A en croire Zoher Al-​​Kotati, qui tient bou­tique rue Al-​​Bahar, la très indus­trieuse " rue de la mer ", prin­cipale artère de cette ville fron­ta­lière de 120000 habi­tants, ce n'est pas la seule entorse à la vérité. La seule mar­chandise qui arrive encore d'Egypte, explique-​​t-​​il, ce sont les ciga­rettes, " parce que le Hamas prélève 1 shekel - 21 cen­times d'euro - de taxe sur chaque paquet de 7 shekels ". Pour le reste, à l'exception des armes et, semble-​​t-​​il, de l'essence réservée au Mou­vement de la résis­tance isla­mique, plus rien n'entre.
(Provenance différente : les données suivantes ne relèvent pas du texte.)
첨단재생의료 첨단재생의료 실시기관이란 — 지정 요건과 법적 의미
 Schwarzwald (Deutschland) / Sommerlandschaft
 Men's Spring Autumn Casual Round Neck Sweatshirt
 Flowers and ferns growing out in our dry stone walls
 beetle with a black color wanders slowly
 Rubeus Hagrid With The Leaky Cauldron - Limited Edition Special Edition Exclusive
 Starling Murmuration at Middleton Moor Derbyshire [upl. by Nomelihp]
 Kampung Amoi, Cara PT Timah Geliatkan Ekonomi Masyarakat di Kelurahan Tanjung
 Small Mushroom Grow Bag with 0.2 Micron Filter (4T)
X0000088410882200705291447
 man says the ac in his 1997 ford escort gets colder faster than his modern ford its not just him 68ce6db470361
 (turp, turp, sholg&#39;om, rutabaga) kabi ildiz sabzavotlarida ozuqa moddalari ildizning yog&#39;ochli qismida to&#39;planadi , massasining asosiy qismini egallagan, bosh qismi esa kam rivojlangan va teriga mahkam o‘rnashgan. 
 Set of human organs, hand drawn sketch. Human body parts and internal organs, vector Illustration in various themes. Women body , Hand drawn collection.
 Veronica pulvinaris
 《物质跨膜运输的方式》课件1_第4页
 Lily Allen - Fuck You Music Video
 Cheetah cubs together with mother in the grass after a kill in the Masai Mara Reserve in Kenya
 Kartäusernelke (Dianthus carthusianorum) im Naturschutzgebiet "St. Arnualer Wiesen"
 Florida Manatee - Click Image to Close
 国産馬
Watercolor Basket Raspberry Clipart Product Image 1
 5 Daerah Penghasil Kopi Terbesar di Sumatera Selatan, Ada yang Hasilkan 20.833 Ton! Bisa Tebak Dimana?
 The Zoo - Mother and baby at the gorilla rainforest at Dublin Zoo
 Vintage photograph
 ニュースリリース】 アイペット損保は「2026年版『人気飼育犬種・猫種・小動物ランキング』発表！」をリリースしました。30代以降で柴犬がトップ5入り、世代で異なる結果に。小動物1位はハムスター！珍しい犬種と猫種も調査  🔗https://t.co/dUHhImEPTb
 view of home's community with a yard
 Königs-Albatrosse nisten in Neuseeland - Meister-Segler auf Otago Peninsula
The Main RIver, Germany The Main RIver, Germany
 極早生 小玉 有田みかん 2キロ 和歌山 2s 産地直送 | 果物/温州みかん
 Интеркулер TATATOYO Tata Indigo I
Du moins par les tunnels, les­quels ache­mi­naient plus de 60 % des mar­chan­dises dis­po­nibles dans la bande de Gaza (par ailleurs tou­jours sous blocus israélien), à com­mencer par les maté­riaux de construction, dont les prix ont grimpé de 40 %. Résultat : la plupart des chan­tiers privés sont arrêtés, en par­ti­culier ceux qui béné­fi­ciaient d'un finan­cement du Qatar.

Zoher Al-​​Kotati montre ses éta­lages, et désigne des barres de cho­colat et des bou­teilles de Coca-​​Cola : " Tout cela vient encore d'Egypte, mais cela arrive désormais par Kerem Shalom - seul point de passage avec Israël pour les mar­chan­dises - , avec comme consé­quence une aug­men­tation des prix de 50 %. " Comme la plupart des com­mer­çants de la bande de Gaza, il estime que ses revenus ont été diminués d'au moins 30 %, notamment en raison de la hausse du coût de l'énergie. Sur une étagère trône le fameux "UPS1000 watts ", ce chargeur de bat­terie qui détrône de plus en plus les géné­ra­teurs ali­mentés à l'essence ou au fioul, deux car­bu­rants de plus en plus introuvables.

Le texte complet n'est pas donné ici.